OmniPro

Abstract

Omni-proactive streaming video understanding, i.e., autonomously deciding when to speak and what to say from continuous audio-visual streams, is an emerging capability of omni-modal large language models. Existing benchmarks fall short in three key aspects: they rely primarily on visual signals, adopt polling or fixed-timestamp protocols instead of true proactive evaluation, and cover only a limited range of tasks, preventing reliable assessment and differentiation of omni-proactive streaming models.

We present OmniPro, the first benchmark to jointly evaluate omni-modal perception, proactive responding, and diverse video understanding tasks. It comprises 2,700 human-verified samples spanning 9 sub-tasks and 3 cognitive levels, covering 6 basic video understanding capabilities. Notably, 84% of samples require audio signals (speech or non-speech), and each sample is annotated with modality-isolation labels to enable fine-grained multimodal analysis.

We further introduce a dual-mode evaluation protocol: Probe mode assesses content understanding by querying the model before and after each ground-truth trigger, while Online mode evaluates full proactive ability by requiring models to autonomously decide when to respond in streaming input.

Evaluating 11 representative models reveals three key findings: (1) audio provides consistent gains but with highly variable utilization across models, (2) performance degrades significantly over time, indicating limited long-horizon robustness, and (3) non-speech audio perception remains the weakest dimension.

Key Features

Omni-Modal

84% audio dependency with modality-isolation labels for fine-grained analysis.

Proactive Responding

Models decide when to speak with multi-trigger support and over-trigger penalties.

Diverse Tasks

9 sub-tasks covering Alert, Monitoring, Grounding, Counting, Narration, Prediction.

Sample Visualization

Use the arrows to browse examples from each sub-task. Each sample shows the video, user instruction, and ground-truth proactive responses.

Event-Alert 🎧 Audio Required

Q: Let me know if you hear the sound of pots and pans clinking in the kitchen.

00:13 sound
"She's rummaging through the cabinets now — I hear the pots clinking."

State-Monitor 🎧 Audio Required

Q: Monitor the audio and let me know whenever the narrator starts or stops speaking.

00:10 speech
"The narrator started speaking — changed from music only to speech."

01:15 speech
"The narrator stopped speaking — changed from speech back to music only."

01:30 speech
"The narrator resumed speaking — changed from music only to speech."

Snap.-Count 🎧 Audio Required

Q: When the speaker says he will pronounce the word slower, count how many letters are in the word on the screen.

00:34 visual+speech
"He's speaking slower now — I count 8 letters in the word."

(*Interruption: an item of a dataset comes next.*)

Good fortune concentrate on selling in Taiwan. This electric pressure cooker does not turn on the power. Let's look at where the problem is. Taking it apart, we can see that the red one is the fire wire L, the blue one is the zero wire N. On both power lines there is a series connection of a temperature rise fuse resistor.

Target-Ground 🎧 Audio Required

Q: The first time you hear the sound of a bell ringing, tell me where the bell is in the frame.

00:10 visual+sound
"The bell just rang—it is located in the top-center of the frame."

Cond.-Alert 🎧 Audio Required

Q: Alert me whenever one of the children makes a dismissive or negative comment about an idea or suggestion shared by someone else.

00:08 speech
"A boy just dismissed a friend's suggestion about an NBA scout by calling it 'dumb'."

00:27 speech
"A boy criticized the name 'Fred' by calling it a 'total wrinkle-up geezer name'."

00:32 speech
"A boy just insulted a name suggestion, calling 'Bob' a 'lame name'."

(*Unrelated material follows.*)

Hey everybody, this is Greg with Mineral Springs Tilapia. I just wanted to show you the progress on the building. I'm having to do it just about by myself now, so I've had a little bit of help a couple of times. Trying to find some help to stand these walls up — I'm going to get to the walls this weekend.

Cum.-Count 🎧 Audio Required

Q: Count how many times the word 'Devoxx' is spoken throughout the video.

00:21 speech
"Yakov Fain just mentioned Devoxx for the first time while describing the conference tracks."

00:37 speech
"Baruch Sadogursky just said Devoxx while discussing the high quality of the speakers."

00:52 speech
"Yury Antoniuk just mentioned Devoxx, calling it a great engineering conference in Ukraine."

01:42 speech
"Stephan Janssen mentioned Devoxx once more, comparing the event to a rock concert."

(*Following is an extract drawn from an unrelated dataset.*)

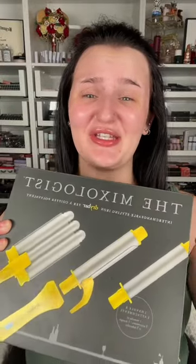I bought a new Curl & Iron — this is the Mixologist from Drybar. I liked that it has three different attachments and the yellow is kind of cute. I've had the Drybar blow dryer for three to four years and it's the best blow dryer I've ever used.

Event-Narr. 🔊 Audio Helpful

Q: Narrate the progression of Kenneth's prank, from his transformation to his performance at the outdoor gym.

00:45 visual+speech
"Kenneth, an athlete, is undergoing a transformation into an elderly man. Makeup artists are applying latex prosthetics and airbrushing wrinkles while he describes the tight sensation of the bald cap."

01:40 visual+speech
"Now fully disguised, Kenneth is at Muscle Beach. After joking about using prune juice as a supplement, he is approaching a group of lifters to ask if he can try their heavy weights."

02:20 visual+sound
"After pretending to struggle, Kenneth shocked onlookers by cleaning and jerking the heavy weight with ease. He is currently performing deep squats and overhead lifts while the crowd cheers and records his performance."

03:15 visual+sound
"Kenneth matched a younger lifter's heavy lifts, drawing a large crowd. He is now performing a perfect handstand on the ground while onlookers cheer and capture the moment on their phones."

03:35 visual+speech
"Kenneth is high-fiving the other lifters and waving to the audience. He is currently sharing a message about staying strong every day as he prepares to leave the beach area."

Dedup.-Count 🔊 Audio Helpful

Q: Count how many different people are interviewed and speak on camera in this video.

00:18 visual+speech
"First interviewee — Marwan Farah, a resident engineer, begins speaking about the project's goals."

00:24 visual+speech
"Second interviewee — Heather Pehrson from the city council shares her perspective on community transportation."

00:45 visual+speech
"Third interviewee — Utah State Senator Howard Stephenson speaks at a podium praising the project."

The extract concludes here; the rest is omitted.